The rapid advancement of Machine Learning and the evolution of optimization have consistently evolved together, as practical needs and theoretical breakthroughs push both areas to progress. While modern large-scale training relies on classical optimization, the unique constraints of distributed systems have necessitated a complete rethink of foundational theory. In this thesis, we address seven critical challenges at the intersection of theory and practice, specifically focusing on the fundamental bottlenecks of Federated Learning and distributed optimization. For each of these challenges, we design novel algorithmic frameworks and provide sharp theoretical guarantees that bridge the gap between heuristic success and mathematical rigor.

Our first contribution resolves a fundamental question in communication efficiency within federated environments by introducing ProxSkip and proving that local gradient steps can lead to provable acceleration, finally establishing a formal foundation for this widely used heuristic. We extend this framework with Variance Reduced ProxSkip, which integrates variance reduction to eliminate the neighborhood error typically observed in stochastic local updates while effectively balancing communication and local computation costs. Our third contribution addresses the scalability and efficiency of these methods under partial participation, demonstrating that local steps still achieve provable communication acceleration even when only a subset of clients is active in each round. In the fourth challenge, we investigate the interplay of server-side dynamics and data selection, proving that server-side stepsizes and sampling without replacement significantly improve convergence in heterogeneous settings.
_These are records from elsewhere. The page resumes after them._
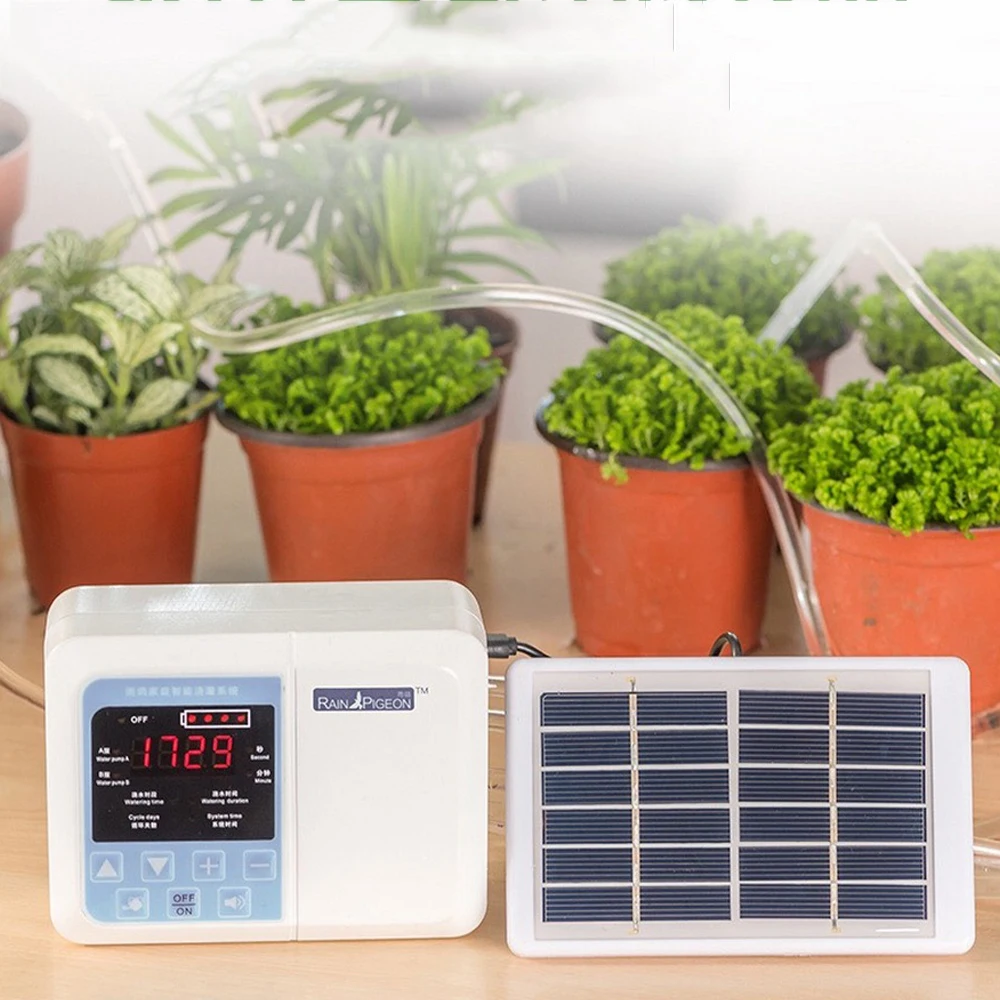 

Solar Energy Intelligent Drip Irrigation System Set Single Double Pump Atomatic Watering Device Timer Garden Self-Watering Tools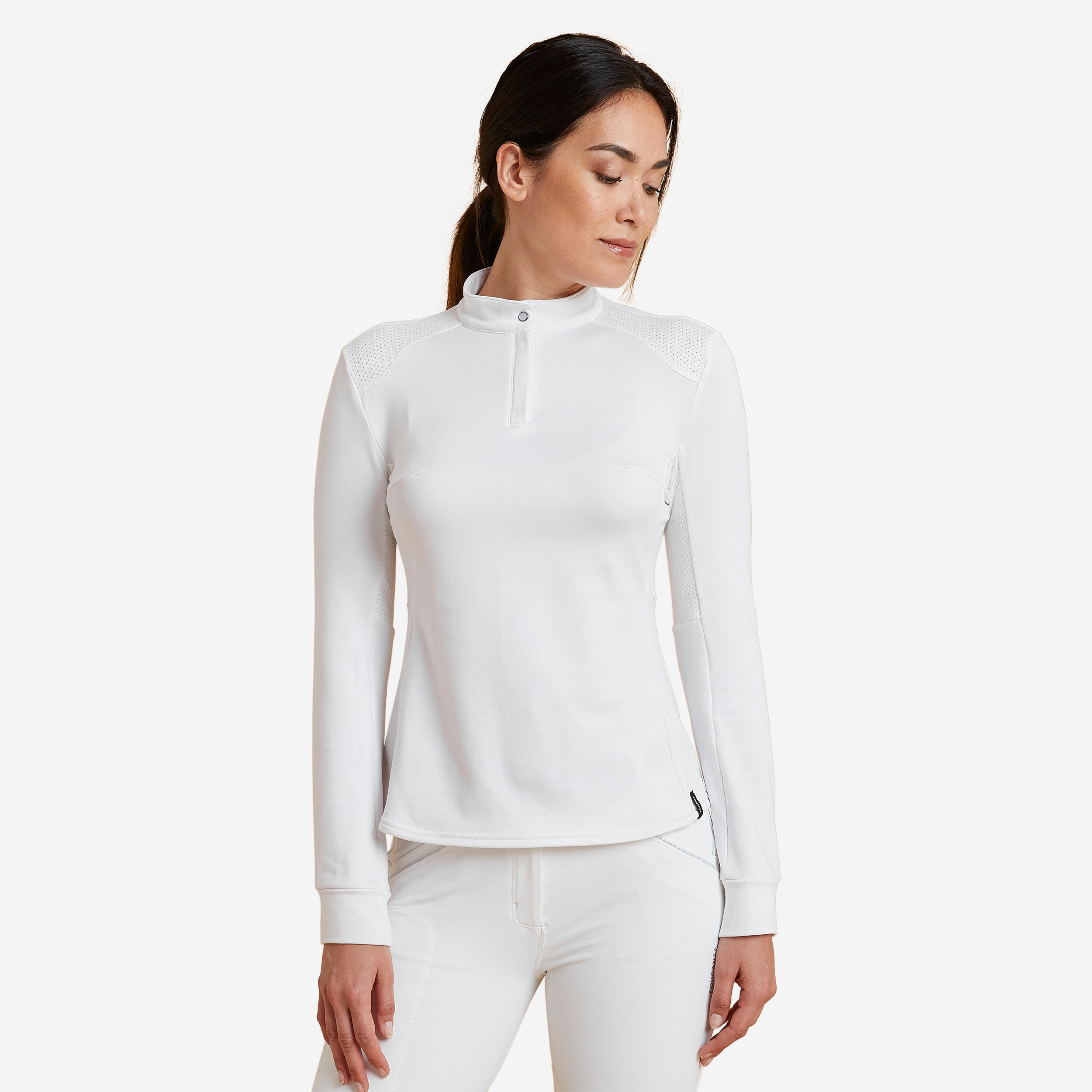 Reit-Poloshirt Langarm 500 Turnier warm Damen weiß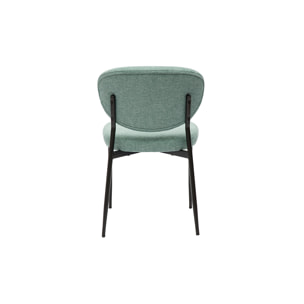 Chaises en tissu effet velours texturé vert céladon et métal noir (lot de 2) BREKA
Building on these insights regarding data selection, our fifth contribution shows that in the context of Random Reshuffling, compressing gradient differences rather than raw gradients leads to superior theoretical and practical performance. We then address system security by proving that Byzantine robustness and partial participation can be achieved simultaneously through a gradient difference clipping mechanism. Finally, we move beyond classical optimization to establish the first theoretical framework for low-rank adaptation via randomized asymmetric chains, offering new insights into the fine-tuning of massive-scale models. Across all contributions, our results provide tighter analyses and more realistic assumptions than prior work, supported by numerical experiments that confirm the sharpness of our theoretical findings.

Presenters

Brief Biography

Grigory Malinovsky is a Ph.D. candidate in Applied Mathematics and Computational Science at King Abdullah University of Science and Technology (KAUST), studying under the supervision of Professor Peter Richtárik in the Optimization and Machine Learning Lab.

Grigory holds a Master of Science in Applied Mathematics and Computational Science from KAUST and a Bachelor's degree in Applied Mathematics and Physics from the Moscow Institute of Physics and Technology, where he completed his thesis under the guidance of Boris Polyak.

During his Ph.D., he completed a six-month internship at Samsung R&D Institute UK, and collaborated during research visits with Sebastian Stich at CISPA, as well as with Samuel Horváth and Eduard Gorbunov at MBZUAI. His work has been published in leading machine learning conferences such as NeurIPS, ICLR, ICML, AISTATS, AAAI, and UAI. Alongside his research, he has contributed to teaching graduate-level optimization courses and actively mentored research interns, leading to multiple joint publications.